DIRECTIONS: Please set out each line below exactly as it stands, without the images.

THE DATA:
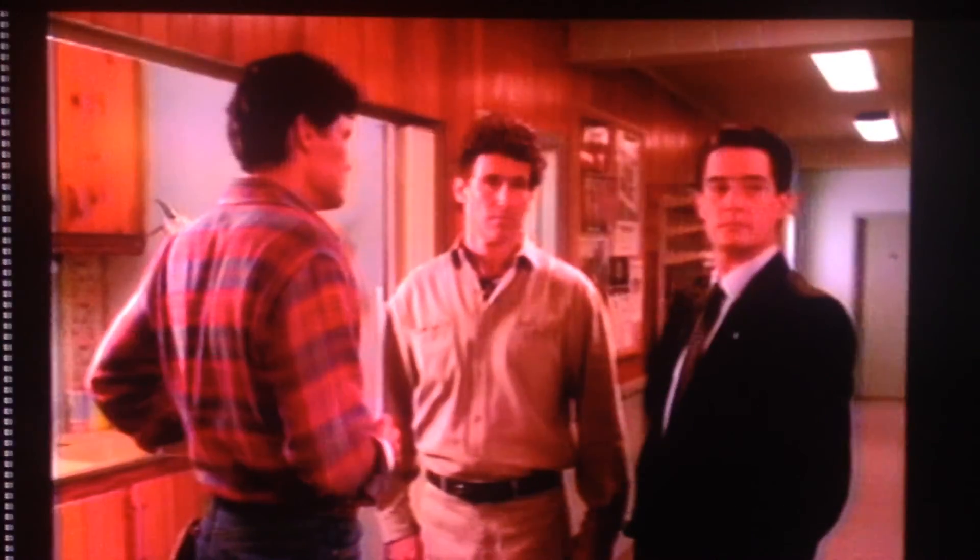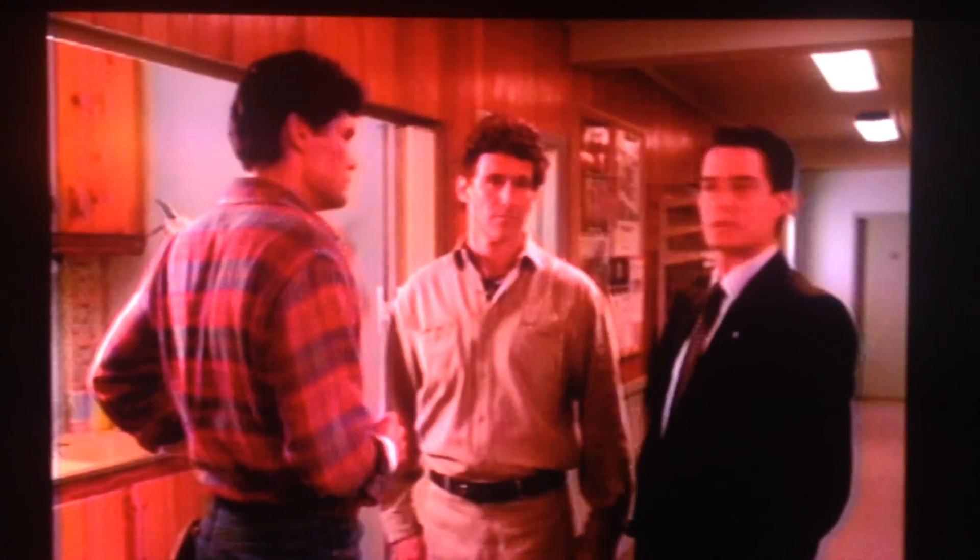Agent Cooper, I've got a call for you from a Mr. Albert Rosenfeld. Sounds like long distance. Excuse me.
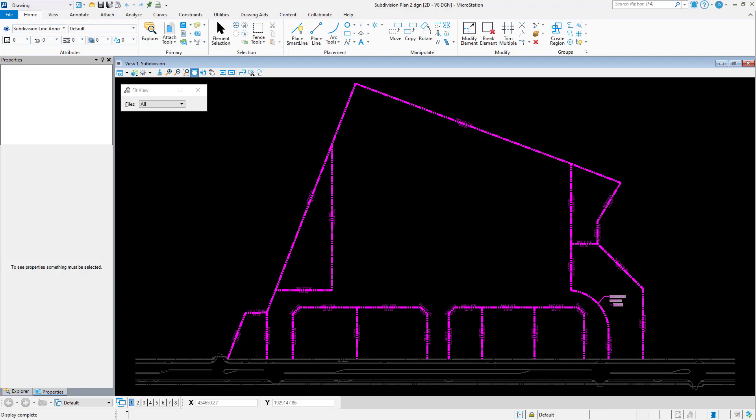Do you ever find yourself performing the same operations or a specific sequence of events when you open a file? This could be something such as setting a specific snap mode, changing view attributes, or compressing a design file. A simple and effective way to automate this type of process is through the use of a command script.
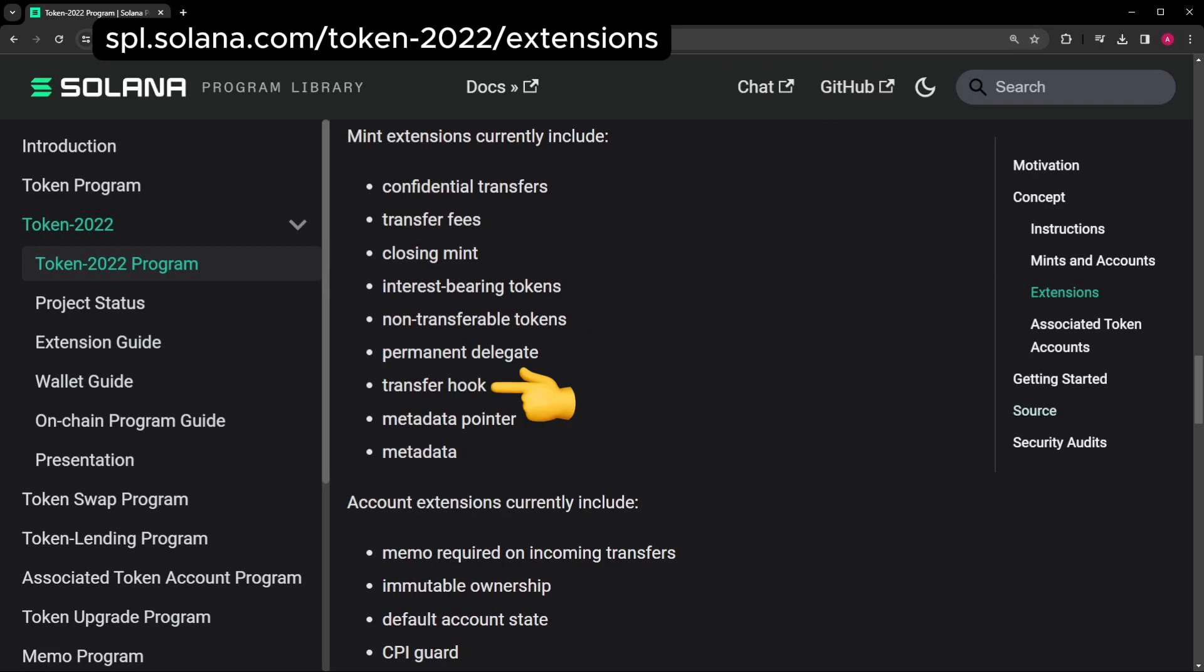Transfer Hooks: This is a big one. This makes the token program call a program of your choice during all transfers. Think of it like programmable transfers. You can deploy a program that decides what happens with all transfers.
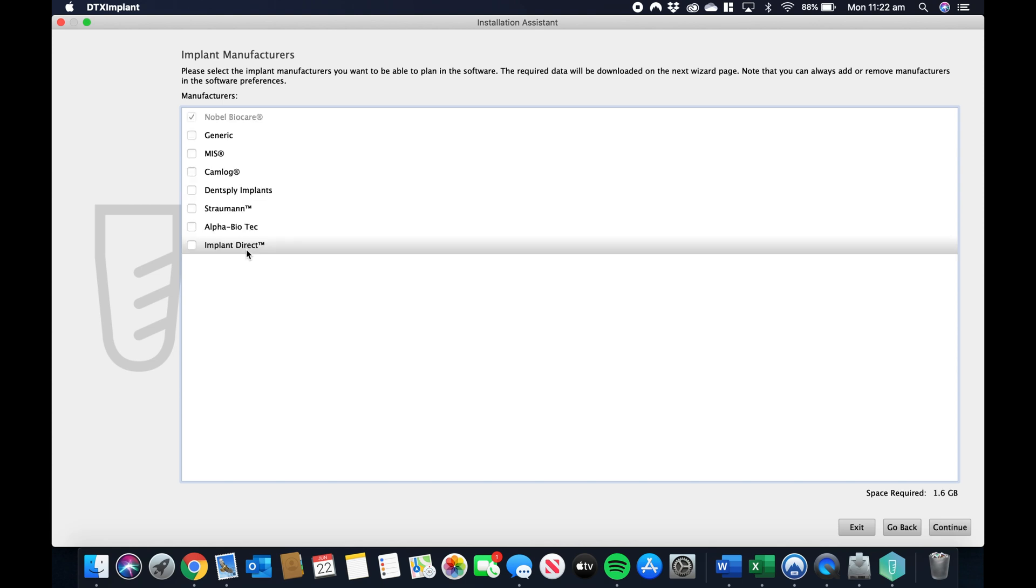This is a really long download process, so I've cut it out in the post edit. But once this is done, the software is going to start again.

REPLY:
Agent Cooper, I've got a call for you from a Mr. Albert Rosenfeld. Sounds like long distance. Excuse me.
Do you ever find yourself performing the same operations or a specific sequence of events when you open a file? This could be something such as setting a specific snap mode, changing view attributes, or compressing a design file. A simple and effective way to automate this type of process is through the use of a command script.
Transfer Hooks: This is a big one. This makes the token program call a program of your choice during all transfers. Think of it like programmable transfers. You can deploy a program that decides what happens with all transfers.
This is a really long download process, so I've cut it out in the post edit. But once this is done, the software is going to start again.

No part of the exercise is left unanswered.